What are WAVe’s key features?

At this early stage, WAVe’s publicly available features are related with data access. Users can easily browse through available genes, search for genes, view gene info and access each gene RSS feed. In WAVe’s entry page, users simply need to start typing a gene HGNC-approved symbol and several suggestions will appear: accepting one of them leads directly to the gene view page. Following the view all link, users can browse all available genes or check, for each gene, how many LSDBs and variants are available.

To access the application data, users just need to navigate in the gene tree. Each tree node represents a distinct data type and the various leaf provide access to external applications: by clicking a leaf, the destination page is loaded in the main content area. Repeating this process, users can navigate in the dozens of listed links for each gene.

WAVe also offers its core data to other developers. To obtain the gene tree and its links, users just need to add the rss tag to the end of gene address. This will output a RSS2.0 feed that can be easily parsed by any application or added to a feed reader.

How was WAVe born?

The european GEN2PHEN project is an initiative to link, as deeply as possible, data from genotype features to its phenotype counterparts. The first step consisted in an attempt to improve various genomic variation resource scenarios. This implied normalizing LSDBs (the “LSDB-in-a-box” approach, LOVD) and defining novel data models and formats for data exchanges from and to LSDBs.

In a long term perspective, applying the GEN2PHEN-approved data models, will enhance the creation of new services and applications to integrate and interact with the exponentially growing dataset of genomic variation data.

With WAVe we tried a different approach based on three questions: why wait for everyone to adopt these new formats? What will happen to legacy LSDBs that won’t adopt the new formats? How can we have an immediate solution? We have created a lightweight integration architecture, based on links to applications and adopted a simple (yet familiar) tree-based navigation interaction to deploy a new application that can be used right now and will easily scale to integrate the foreseen data exchanges formats. Technical details aside, based on a manually curated LSDB list, we can connect and integrated any kind of LSDB application whether it is a modern LOVD application or a simple text-based legacy LSDB.

How is it relevant?

To demo WAVe efficiency let’s just try to perform a simple search in our lab: Are there any LSDBs for COL3A1 gene in the human species? And known variants? And what are the associated proteins and pathways?

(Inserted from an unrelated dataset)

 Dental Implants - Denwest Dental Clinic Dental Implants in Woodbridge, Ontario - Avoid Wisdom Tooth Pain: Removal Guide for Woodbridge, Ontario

In a WAVe-free scenario, to find out COL3A1 LSDBs (if any), researchers need to google it (the main COL3A1 LSDB does not appear in the first result page) or, if you they are used to it, go to HGVS site, go to the “Databases & Tools” section, select “Locus-specific Mutation Databases” and then search for the gene in search box. Now for the variants researchers just need to browse the last page they’ve just entered. How many clicks (and time!) does it take?

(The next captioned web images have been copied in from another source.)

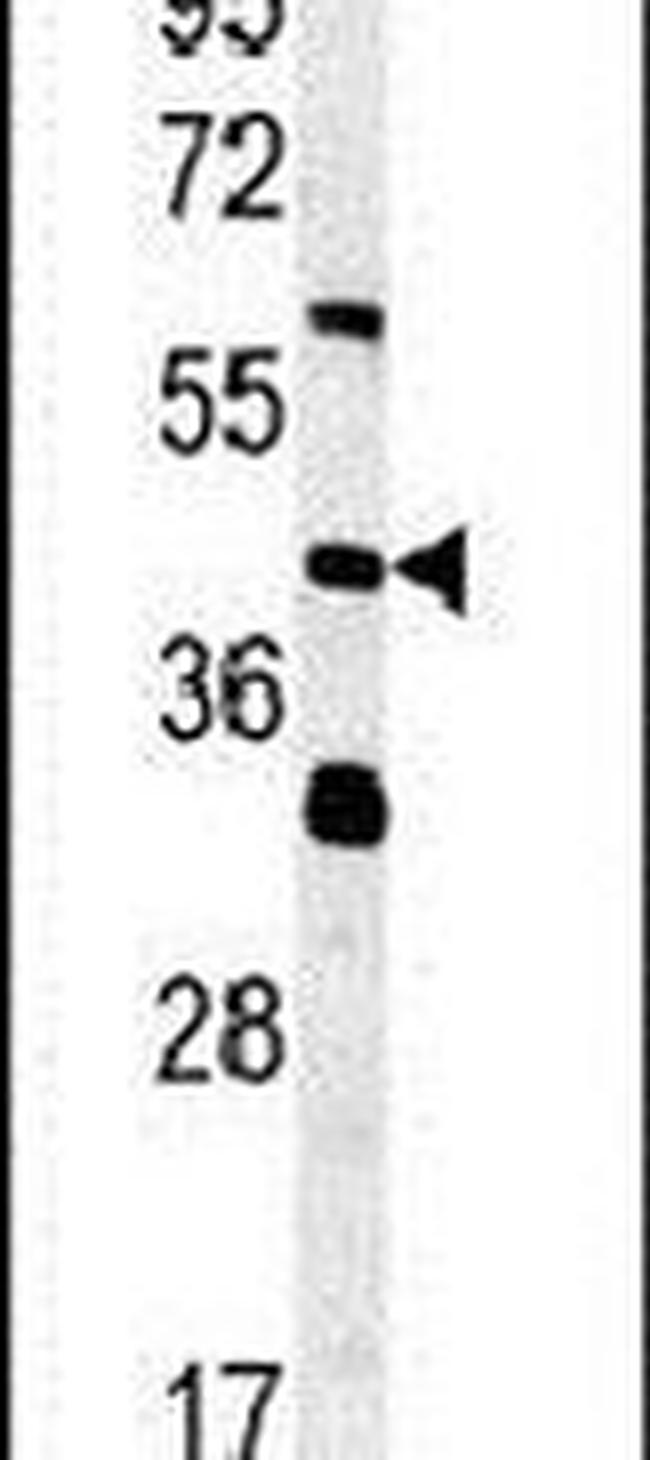 SMCR7L Antibody in Western Blot (WB)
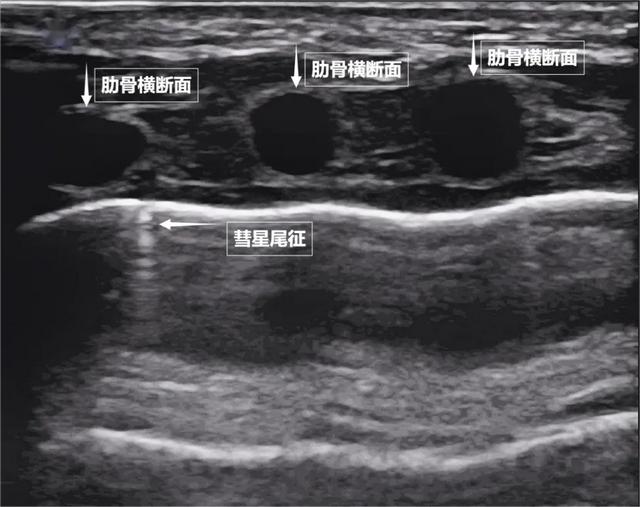 图为正常新生儿肺部超声表现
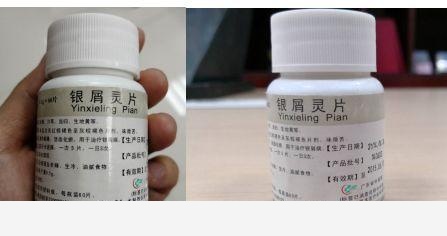 銀屑病面面觀｜數一數廣東省中醫院的「驅銀」神器藥物！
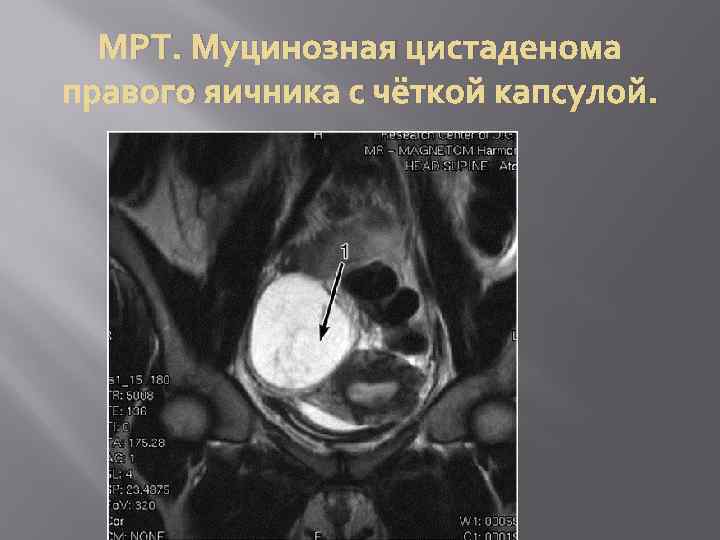 МРТ. Муцинозная цистаденома правого яичника с чёткой капсулой.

For protein information, researchers enter in UniProt and search for COL3A1: that gives about 29 results. Add a filter for the human species and there are 5 results. Good enough to access directly to P02461 (SwissProt reviewed). Though, there is new window/tab open. Now for pathway information, a KEGG quick search for COL3A1 lists 14 results. In the end, there are about 3 windows/tabs and made some 20 mouse clicks to obtain the desired information.

Using WAVe, researchers simply need to access WAVe, start typing the gene HGNC symbol, select COL3A1 from the suggestions and access COL3A1 page. Once in the page, it’s as easy as browsing in the tree… Variations? Check the variation node, they’re even grouped according to the change type. UniProt information? Check the protein node where you have direct access to SwissProt, TrEMBL, PDB, Expasy and InterPro. And I guess you get the picture. In the end, one window/tab and about 6/7 mouse clicks.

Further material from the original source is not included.